Who Invented the parking meter?
The inventor was not even an inventor. Carlton Cole Magee had moved to Oklahoma to start a newspaper after working as a reporter in New Mexico. He came up with the idea of paying to park as a way to alleviate the traffic problem growing in cities across America.
The first meter was actually designed by a professor at Oklahoma State, Holger George Thuessen and an engineering graduate, Gerald A. Hale. It was a challenging assignment from Magee because the meters had to be useable in year-round weather conditions, be safe from vandals and be cost-efficient.
They named the first meter the Black Maria. In 1935, Magee patented the Park-O-Meter and formed the Magee-Hale Park-O-Meter Company to manufacture the meters.
Fast forward to the parking meter today
Living in Evanston, Illinois, I recently received an update email from the city that all but 110 parking meters had now been changed to solar/battery powered meters that accept both coins or credit cards.
If you don’t know Evanston, it’s the home of Northwestern University, located on the North Shore of Chicago in Cook County. Over seventy thousand residents live in a little under eight square miles on the shore of Lake Michigan. Parking is a big issue, as it is in all urban areas. Even where there are no meters, signs are posted everywhere: no parking on certain days for street cleaning or snow removal, no parking in loading zones or driveways, no parking between such and such hours, reserved parking or you name it. Here, meters charge 25 cents per quarter hour with a typical maximum time of two hours. If your vehicle is caught with an expired meter, the ticket in Evanston (called citations now) is $10. If you park in a no parking zone, $30. If you park longer than the maximum time allowed, $35.
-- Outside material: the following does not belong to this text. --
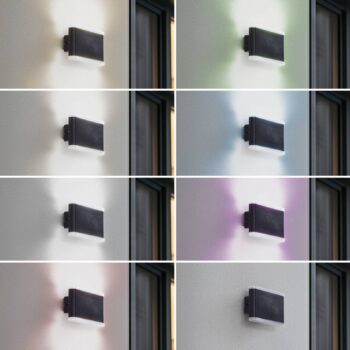 Lindby Smart LED vonkajšie nástenné svietidlo Elvi, CCT, RGB, Tuya, IP54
When it comes to parking in Chicago, it speaks volumes that there is a website called The Expired Meter dedicated to the subject of driving in the Windy City. Not moving your car for Chicago street cleaning for instance will currently cost you sixty bucks.
In Los Angeles, the conversion to Coin and Card meters is already generating millions in annual revenue. L.A. meters cost up to $5 an hour. An expired parking meter ticket will put you out $63.
In Manhattan, meters range from $1.00 to $3.50 an hour. The price for parking in excess of allowed time ranges from $35 to $65. Ouch.